[Dataset excerpts]
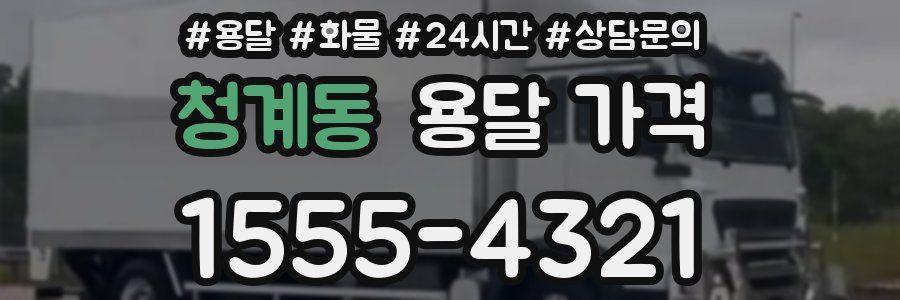 청계동 용달 가격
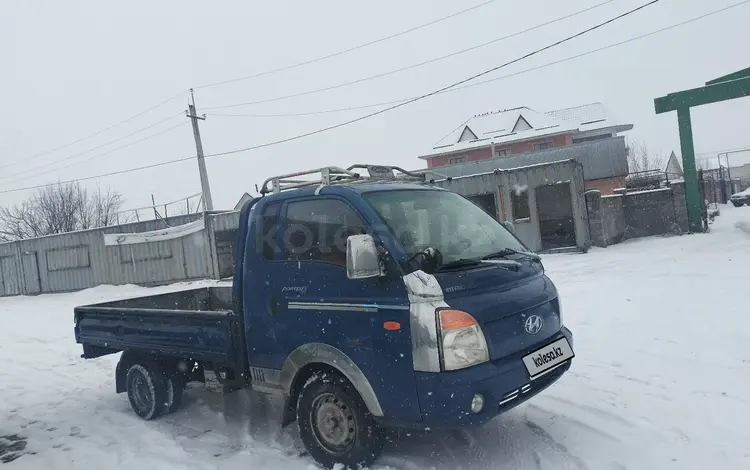 Hyundai Porter 2007 года за 5 600 000 тг. в Алматы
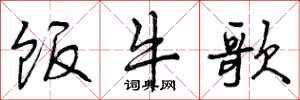 饭牛歌怎么写好看,饭牛歌书法图片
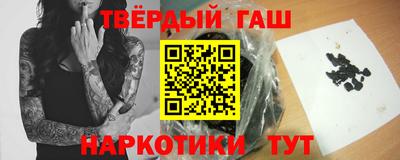 меф Канаш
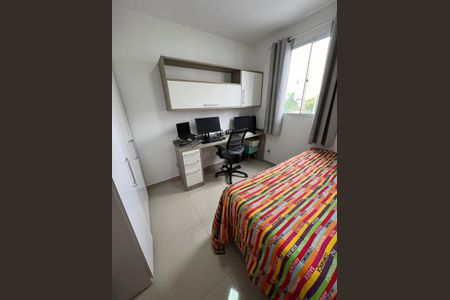 Quarto de apartamento para alugar com 2 quartos, 43m² em Caguassu, Sorocaba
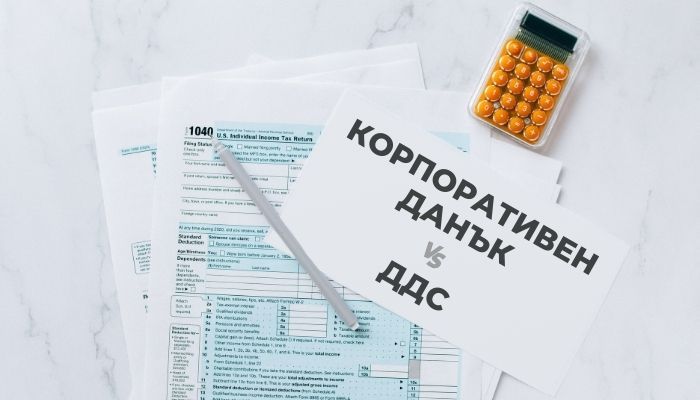 Разлики между корпоративен данък и ДДС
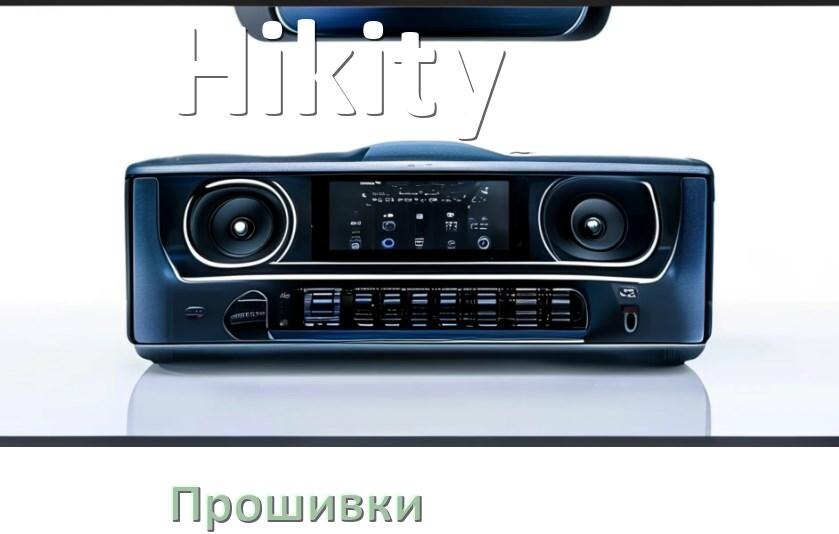 
Прошивки на магнитолу Hikity Android 10, 9, 11, 12 Hal9k, Malaysk моды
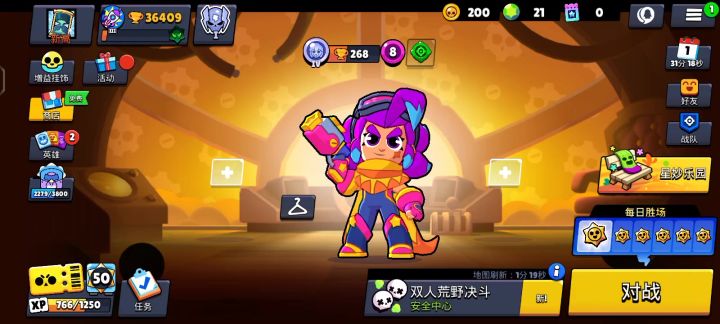 官方说话！截图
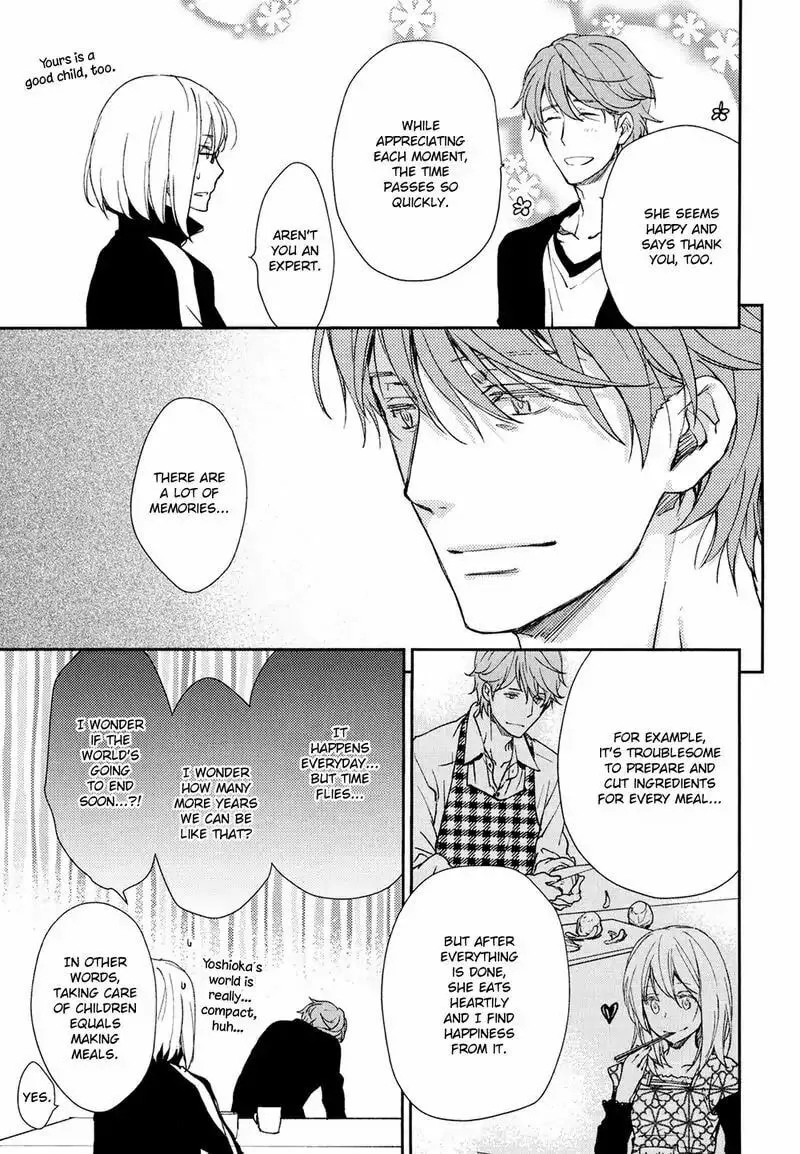 Read Or Something Like It chapter 3 image 12 on Lezhin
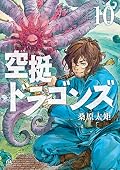 空挺ドラゴンズ 10 [Kūtei Dragons 10]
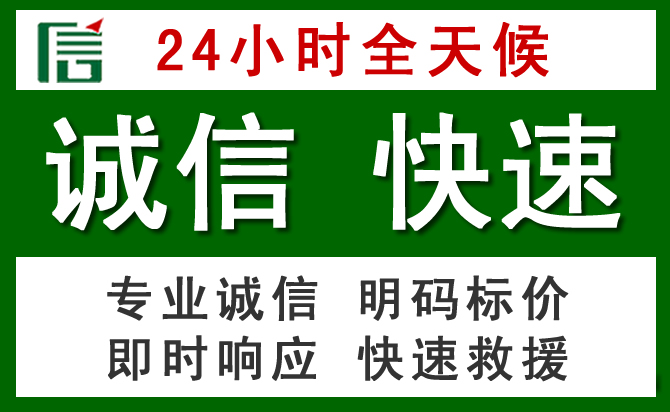 波密汽车救援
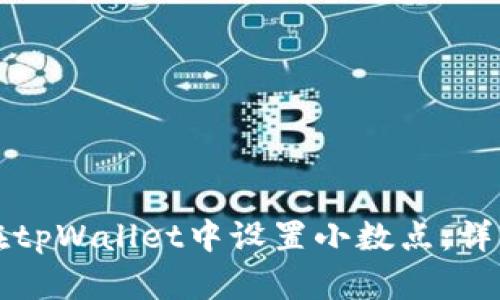 如何在tpWallet中设置小数点:详细指南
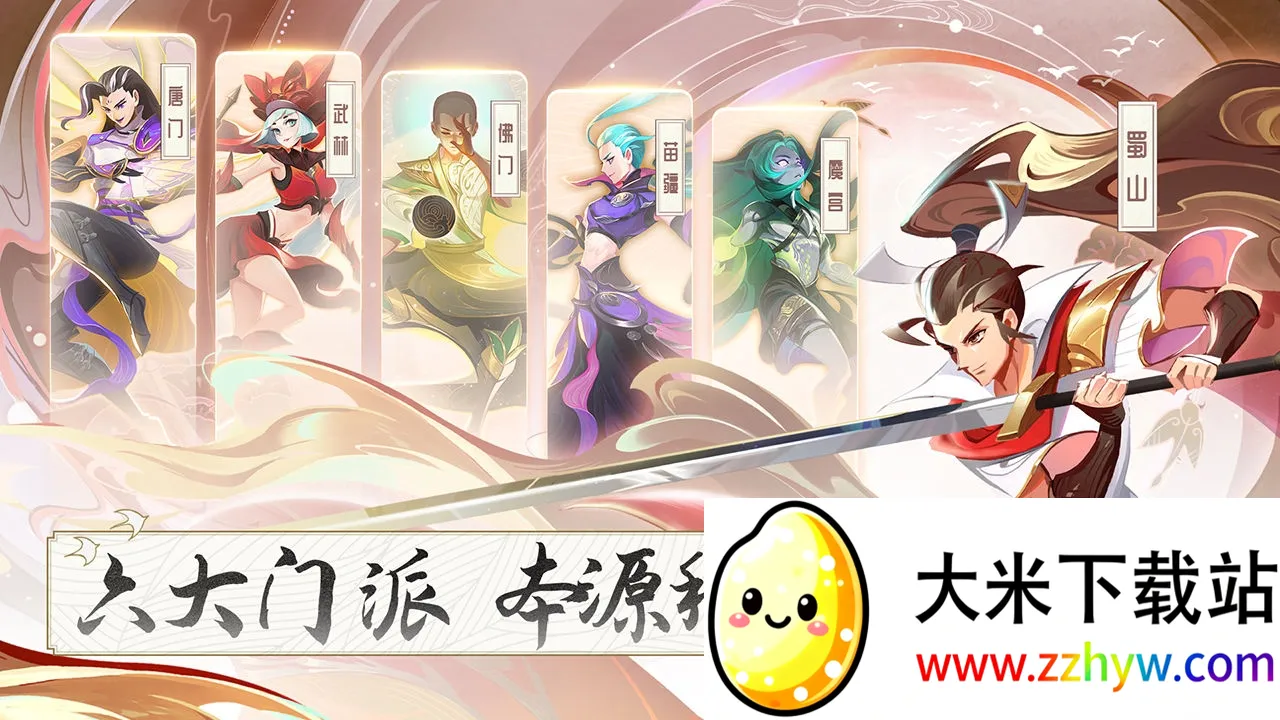 �񾳴�˵v1.0.0 �ٷ������ͼ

Task objective.
Working from the records above, reproduce exactly the lines from the one with "Read Or Something" through the last line, without the pictures.

Written response.
 Read Or Something Like It chapter 3 image 12 on Lezhin
 空挺ドラゴンズ 10 [Kūtei Dragons 10]
 波密汽车救援
 如何在tpWallet中设置小数点:详细指南
 �񾳴�˵v1.0.0 �ٷ������ͼ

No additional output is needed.